The announcement comes a day before the beginning of an inquest in the Bahamas into the accidental drug overdose of Smith's son last fall, three days after Smith had given birth to a baby, Dannielynn, named in after the child's late stepbrother. A private pathologist determined that the young man had died of an accidental overdose of methadone, antidepressants, Lexapro and Zoloft.

The similar deaths had initially raised suspicions among some that Smith's longtime companion and "personal lawyer" Howard K. Stern had been somehow involved in the deaths of mother and son. He was present or nearby at both deaths.

But Seminole Police Chief Charlie Tiger said the case is closed, and that the multiagency investigation found "nothing to indicate foul play.'' Stern is expected to comment through his attorney Monday afternoon.

The autopsy results were delayed for two weeks after police found what they believed to be potentially new evidence on two laptops that belonged to Stern, but a subsequent investigation found nothing relevant to the model's untimely death, Tiger said Monday.

Smith broke the mold of the Hollywood B-lister. While other second-string celebrities faded away when their 15 minutes of fame ended, Smith kept popping up in scenarios that were hard to ignore.

There she was at the altar with a Texas oil tycoon 63 years her senior. There she was marching into the United States Supreme Court, which ruled unanimously in her favor in 2006..

But the slide into reliance on a variety of medications had already begun. Her public appearances in recent years were marked with increasingly baffling behavior and the apppearance of intoxication.

Last fall she gave birth to a baby daughter, Dannielynn, in a hospital in the Bahamas. Ex-boyfriend Larry Birkhead had been seeking a paternity test to prove he was the father of the child when Smith and Stern moved to the Bahamian island of Nassau and sought citizenship.

The child was born last September in a hospital on the island of Nassau. Three days later, in that same hospital room, Smith's 20-year-old son died of an apparently similar accidental drug overdose.

Smith was said to have been inconsolable after the death of her only son, Daniel, who was by most accounts the most cherished person in her seemingly troubled life.

But fresh controversy was right around the corner, as Smith and Stern stunned the nation's tabloid audiences when they conducted a splashy "commitment ceremony'' aboard a yacht in the Bahamas before they'd even buried her son.

One former Smith attorney said the nonbinding ceremony was simply for a "shot of emotional adrenaline" after Daniel's death. Smith and Stern were to be formally married in the Bahamas the month that she died, Stern said.

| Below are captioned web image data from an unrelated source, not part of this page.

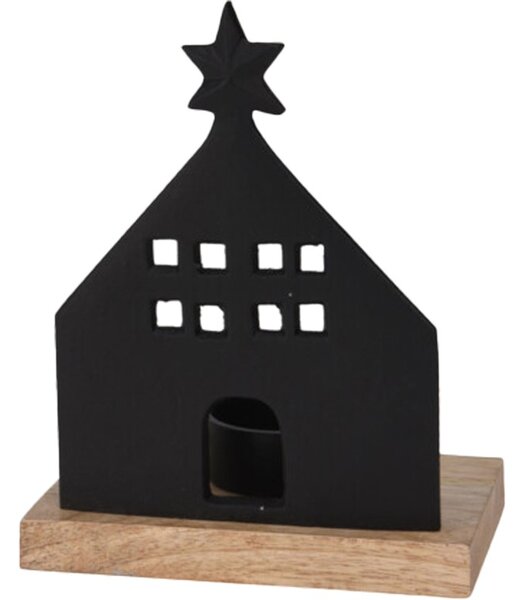 Hliníkový svícen domek na čajovou svíčku 130x80x190mm mix, černá, přírodní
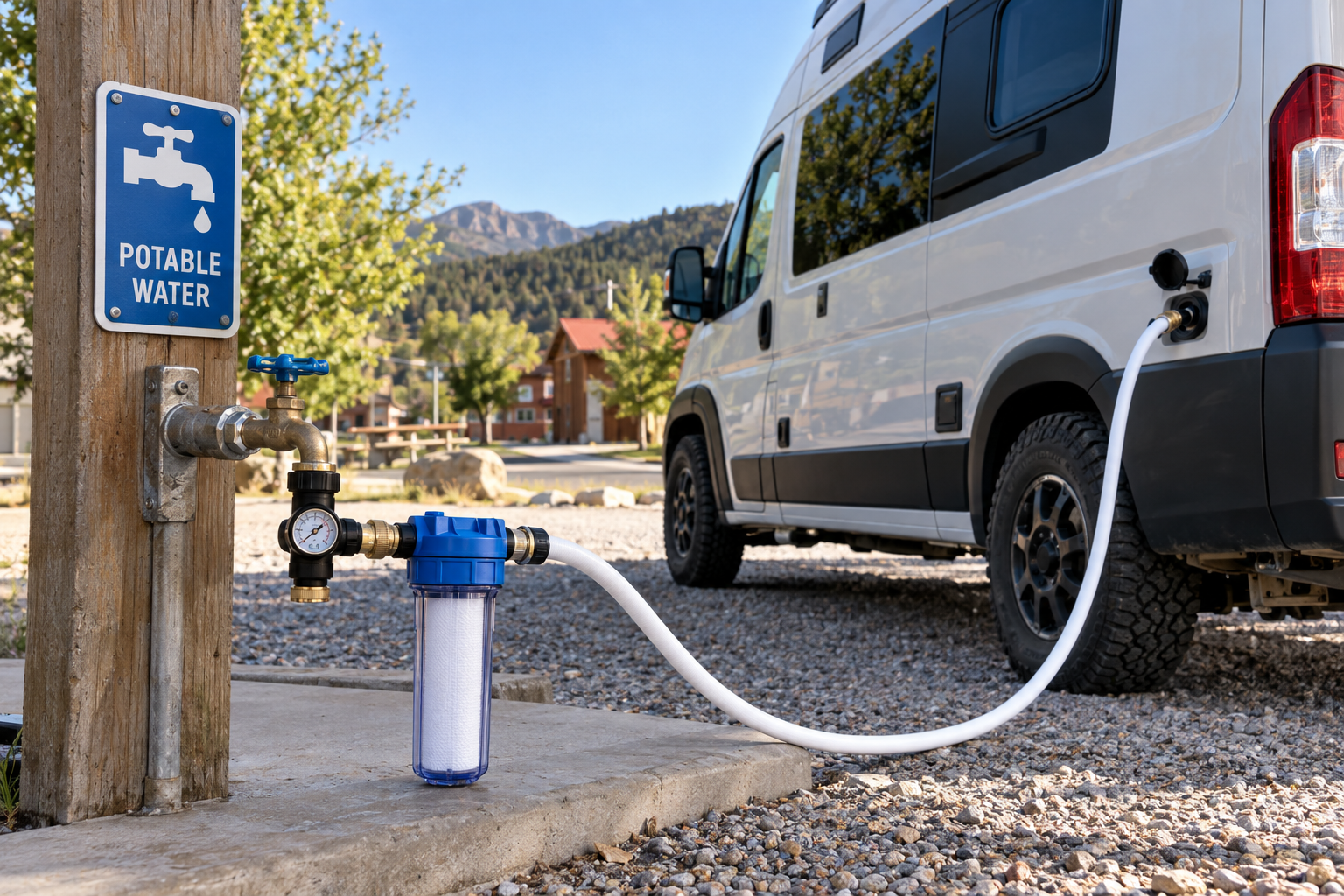 Camper van filling its tank through a filter at potable water station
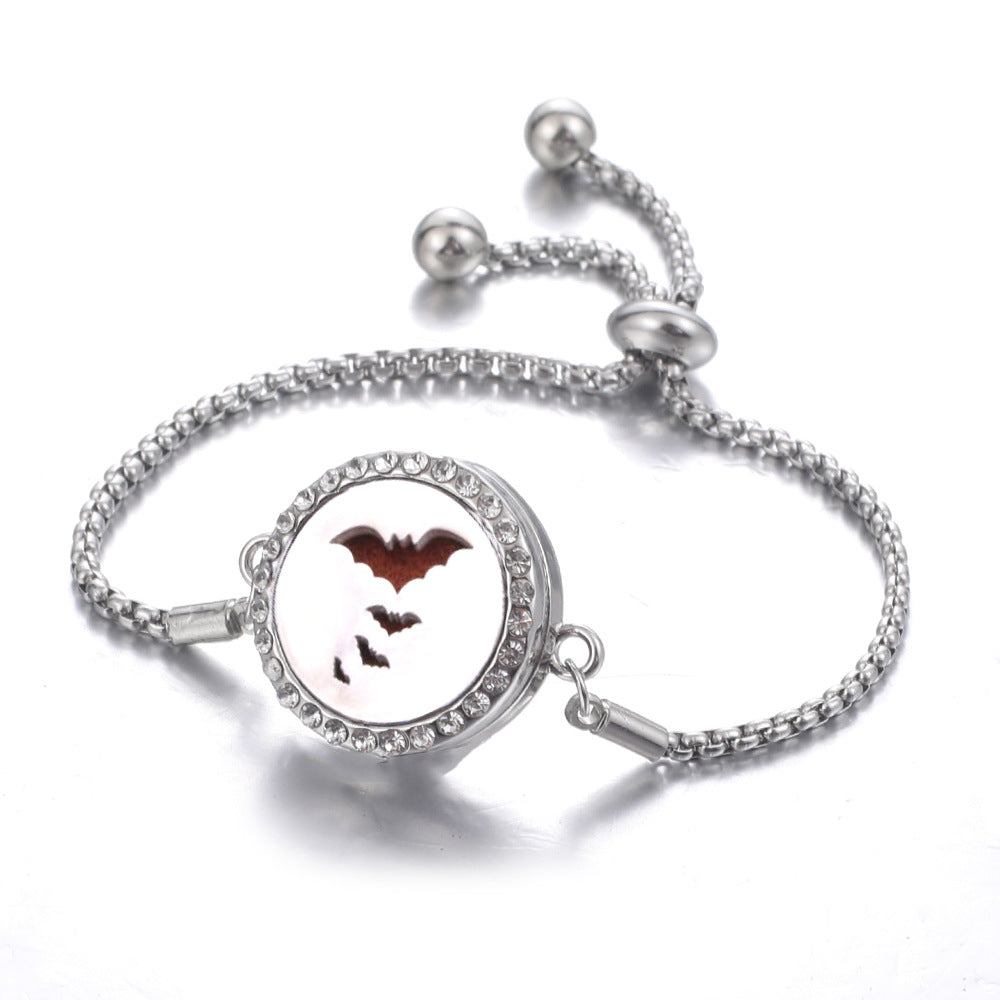 Steel Hollow Oil Lucky Tree Open Box Bracelet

At around the same time, though, ownership of the home they had listed on their residency application in the Bahamas was being challenged by a former boyfriend of Smith's, who said he'd lent Smith his house but expected to be paid back. Smith claimed the home was a gift. That legal battle, too, is ongoing.

Then as Larry Birkhead and his then-attorney Debra Opri pressured for a paternity test on the child, several other men came forward to claim they'd fathered the child.

In a Bahamian courtroom last week, a judge ordered DNA tests on Stern, Birkhead and the baby to determine the identity of the real father. Hundreds of millions of dollars could be at stake, as Smith was fighting a years-long battle over the estate of her late husband, Texas oil tycoon J. Howard Marshall.

Stern is believed to be appealing that order, and the case is expected to be back in court next month.

Meanwhile, Smith's estranged mother, Virgie Arthur, was back in the same Bahamian courthouse last week, arguing that she should be granted custody of the baby because Stern is unfit to care for the child.

Like so many other aspects of Smith's short, troubled life, the court battles could go on for some time.